04.12.2017 12:30 Uhr

Text: Peter Hintze | Fotos: Peter Hintze, Leder Art


„Aller guten Dinge sind drei", sagt man. Christian Effinger hat seinen Traumjob als Sattler gefunden. Allerdings erst im dritten Anlauf. Was grundsätzlich nichts Negatives ist: Denn der mittlerweile 35-Jährige aus Zimmern unter der Burg in Baden-Württemberg hat nach dem Besuch von Grund- und Hauptschule erfolgreich insgesamt drei Ausbildungen hinter sich gebracht.

Zunächst erlernte Christian den Beruf des Schreiners. „Ich musste diese Arbeit aber aus gesundheitlichen Gründen aufgeben", erzählt der heutige Lederkünstler. Von der Holzbearbeitung sattelte der junge Mann zunächst auf den Werkstoff Metall um. Er lernte den Beruf des Teilkonstrukteurs Maschinenbau. Mit etwas Abstand sagt Christian, dass das „eine sehr trockene Angelegenheit" war, die ihm obendrein „keinen Spaß" machte.

Etwas Handwerkliches und Kreatives musste her. Aus der fixen Idee – wie Christian sagt – wurde nach verschiedenen Praktika eine Sattlerausbildung. Und so drückte der Süddeutsche von 2007 bis 2009 nochmals die Schulbank, um ein mehrere Jahrhunderte altes, faszinierendes Handwerk von der Pike auf zu lernen. Das Berufsfeld des Sattlers ist breit gefächert. Denn Tierhäute werden in vielen Bereichen verarbeitet. Neben dem Reitsportsattler gibt es heute den Beruf des Feintäschners und den des Fahrzeugsattlers. Aufgrund seiner Auto- und Tuning-Leidenschaft ist Christian bei Letzterem hängen geblieben. Er hat sich 2012 mit dem Unternehmen Leder-Art selbstständig gemacht. Dabei profitierte der junge Mann von der weggefallenen Meisterpflicht.

In den großzügigen Kellerräumen und in der Garage fertigt der Schwabe seine filigranen Kunstwerke aus Tierhäuten an. Er verarbeitet dabei Rohstoffe mit einer Stärke zwischen 0,7 und fünf Millimetern. Die Schere, das Messer und verschiedene Industrienähmaschinen sind die Hauptarbeitswerkzeuge des Sattlers.

„In der Sattlerei lernt man mit der Erfahrung", schwärmt der Lederkünstler. Dass Christian seinen Beruf lebt und liebt, merke ich bei meinem Besuch sofort, während der Geruch von Leder und Klebstoff meine Nasenflügel umschmeichelt. „Leder ist etwas Exklusives", sagt der Chef von Leder-Art mit leuchtenden Augen. Er liebt es, mit Materialien zu spielen und dabei aus vermeintlich Langweiligem etwas Schönes, Einzigartiges zu machen.

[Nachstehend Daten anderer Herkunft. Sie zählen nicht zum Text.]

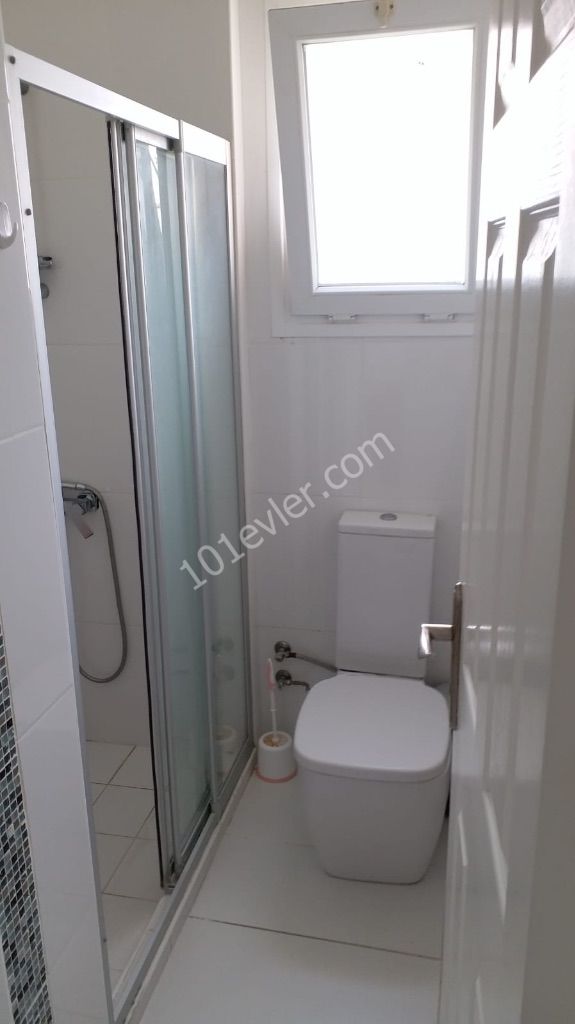 Girne merkezde aslanlı villa arkası 2 + 1 eşyalı kiralık daire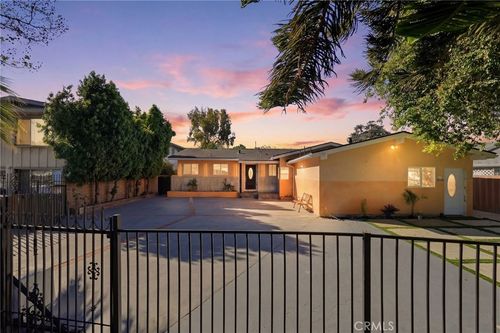 18114 Schoenborn St, Northridge, CA, 91325-4218 | Card Image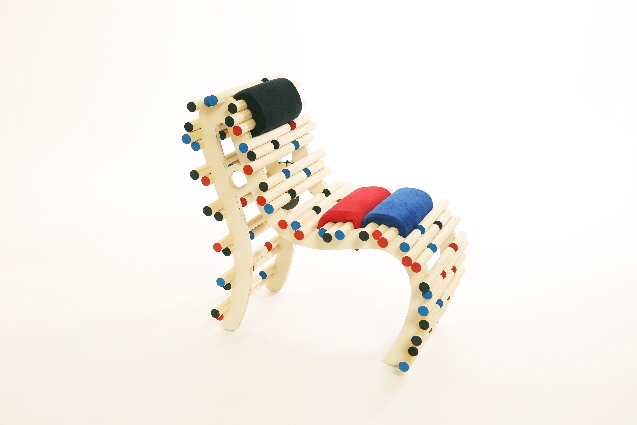 Design ludique |  : - fauteuil  T+B tricolore -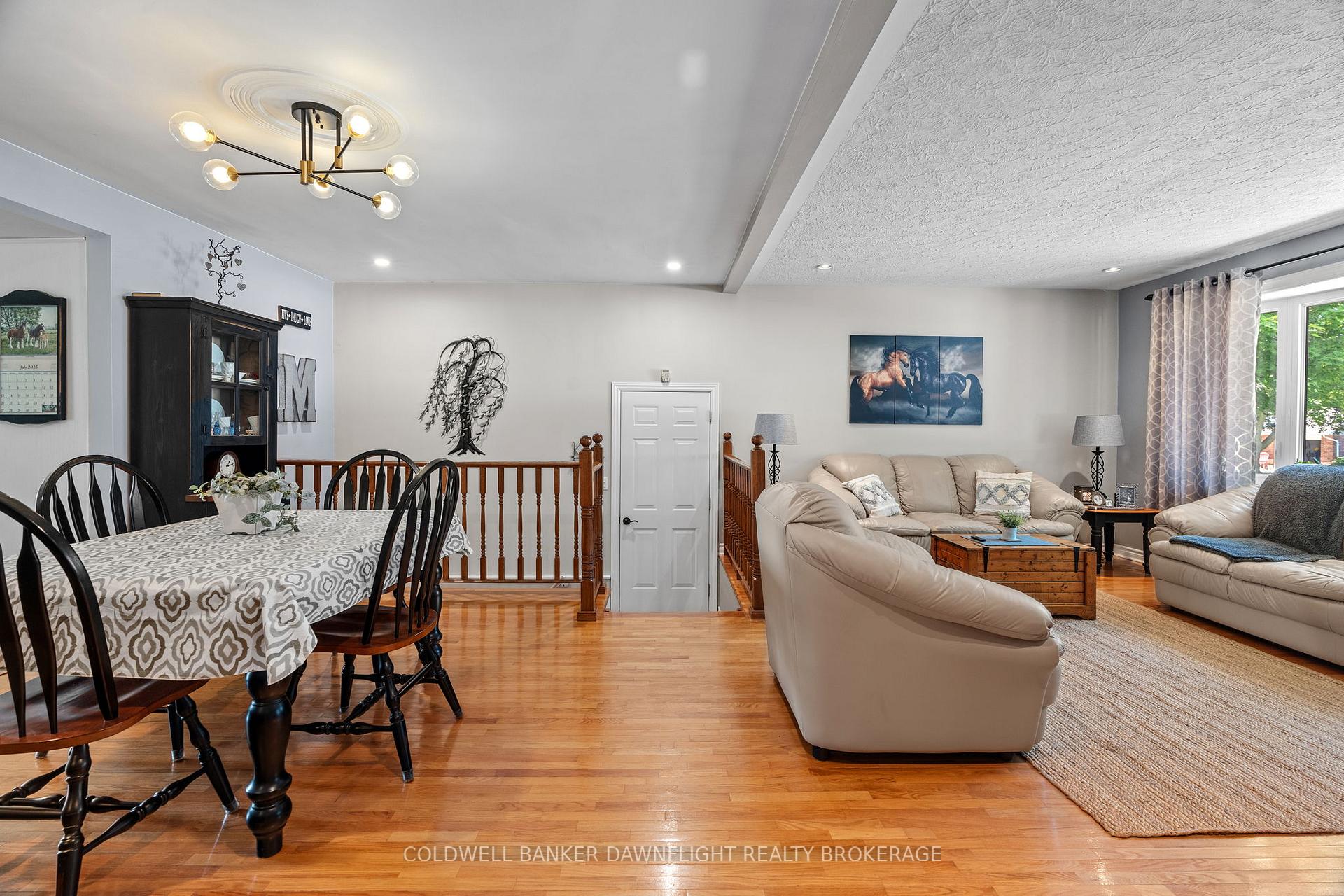 Photo 9 of 21 York Crescent, Bluewater, Hensall — HOMEH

„Wenn ich das Thema Auto nicht so leben würde, wäre es nicht der richtige Beruf für mich", erzählt Christian am Zuschneidetisch. Vor ihm liegt der Sitz eines Audi S5, der ganz nach Kundenwunsch beledert werden soll. Natürlich in Handarbeit. Das braucht Zeit, wissen die Kunden. Denn auf sauber geklebte Teile und schnurgerade Nähte kommt es an. Und natürlich auf die Auswahl von Farben und Formen, wobei Christian gern beratend tätig wird. Grundsätzlich ist erlaubt, was dem Kunden gefällt, wenngleich der Sattler auch mal sein Veto einlegt. Denn eine komplette Lederinnenausstattung werfen nur die wenigsten Kunden nach ein paar Wochen oder Monaten wieder raus. „Der Materialmix aus Carbon und Alcantara geht immer", sagt der Autosattler. „Ebenso die klassische Kombination aus Schwarz und Rot."

Christian schaut nach Trends, besucht und organisiert selbst Tuning-Treffen und -Events und arbeitet mit dem einen oder anderen Sattlerkollegen gut zusammen. „Man hilft sich gegenseitig", sagt der Schwabe, der in der Sattlerei seine Berufung gefunden zu haben scheint.

Wenn ein spezielles Teil beledert werden soll, wird es zunächst einmal ausgebaut. Im Anschluss zeichnet Christian das Design auf, fertigt Schablonen an und macht die entsprechenden Zuschnitte. Wie bei einem Puzzle fügen sich die Zuschnitte später an der Nähmaschine zu einem Ganzen. Sind die Ziernähte aufgebracht, wird das veredelte Teil aufgeklebt. „In einem einfachen Sitz stecken in etwa zwei Tage Arbeit", berichtet der Lederkünstler. Die Arbeiten an einem aufwendiger veredelten Sitz dauern bis zu fünf Tage. Eine Vollausstattung kann bis zu zwei Monate in Anspruch nehmen. Christian wäre nicht Mr. Leder-Art, wenn er nicht selber einen rollenden Werbeträger – quasi seine Visitenkarte –geschaffen hätte. Er hat in 250 Arbeitsstunden die komplette Karosserie seines Audi S4 Cabriolet in Leder gehüllt.

Ganz gleich ob Armaturenbrett, Dachhimmel, Lenkrad, Sitze oder komplette Karosserie – der Kreativität eines Autosattlers sind kaum Grenzen gesetzt. Nur manche Teile sind nicht beziehbar. Von einem Bremssattel beispielsweise lässt Christian besser die Finger. „Das ist zwar technisch machbar", sagt er, „aber nicht fahrbar."